Wherever possible the CISO should move away from the technical detail towards a more core understanding of business management within the organization they are employed. Whilst the vector of threat will remain predominantly IT focussed and technical in nature, risk management is conducted at an enterprise level and operates beyond the confines of IT risk. The downstream impacts of security are felt across the entire business and therefore demonstrating this broader business knowledge to the C-Suite will create a deeper sense of understanding of the true role and relevance of security.
It’s been said time and again that security is moving from the IT department to the boardroom. Based on your experience, how security savvy are today’s company leaders in general
For many UK based CISOs, the recent UK Government initiatives have been a welcome boost to elevating the security agenda from the IT department to the boardroom, however this brings issues to the security professional that they have not previously encountered. For many years Information Security professionals have sought to gain C-Suite attention – the question is now can they handle the attention they are receiving and respond in a manner which appeases an increasingly savvy executive and non-executive management community?
The fabric of the boardroom and audit committee is changing, with companies bringing younger more progressive-thinking personnel to the decision making table. These new leaders recognize that security is necessary to business risk management, but are questioning in their attitudes and will not tolerate a response solely based on policy driven compliance developed in response to outdated theoretical exercises. There is little doubt that there has been an increase in awareness and understanding by business leadership around issues of information security. However, I believe the more relevant question to ask is who needs to become more savvy – the company leadership about security or the security professional about business leadership?
What advice would you give to a CISO of large organization that needs to outline security ROI to the management?
Ensuring that information security projects are aligned to business projects is fundamental to demonstrating the ROI of security to the C-Suite – if you cannot establish the link it is very difficult, if not impossible, to demonstrate anything further than intangible benefits.
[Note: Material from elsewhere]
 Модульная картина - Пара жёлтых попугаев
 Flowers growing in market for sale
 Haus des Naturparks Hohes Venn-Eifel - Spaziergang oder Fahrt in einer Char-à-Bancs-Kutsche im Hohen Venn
Start by analyzing the projects across the business, not just internal to IT, that security is enabling and talk to the business stakeholders responsible for those projects. Ask how involved security is within the project and what the value of the project is to the business. If security activities were not aligned to the project, would the project have been successfully delivered? If security cannot align itself to such projects, ask yourself why these security projects are even being conducted. Are they solely delivering a whimsical judgement by the CISO and/or CIO on what they believe should be done rather than a validated decision by the business.
Some advocate compliance while others blame it giving a false sense of security. What’s your take on the good and bad sides of compliance?
Compliance is a necessary part of corporate governance, however over the past few years the term compliance has become synonymous with security, providing a false sense of security to C-Suite decision makers. Whilst both terms are aspects of risk management, compliance determines a fixed set of responses normally based on regulatory or legislative drivers; on the other hand security still requires a business to buy-in to the need for policies and procedures and is focussed on corporate risk appetite and decision making.
Regulatory hooks can be beneficial to the Information Security professional in cascading a message which may have previously “fallen on deaf ears” within an organization. However, to push a topic that may not have regulatory impact, Information Security professionals should look at the upside of risk and communicate the positive benefits of putting in place security measurements.
As national and international legislative bodies examine the regulatory landscape and establish new instruments impacting the compliance burden associated with Cyber Security, the role of the CISO becomes one focussed on translating the often complex legal requirements into technical needs. These can be adopted by business not just to keep itself out of trouble but indeed to expand business opportunities into new markets. Therefore any business which adopts a position of “we are compliant therefore we are secure”, is failing to recognize the true needs of the business and the opportunities that can come when an organization goes above and beyond regulatory compliance.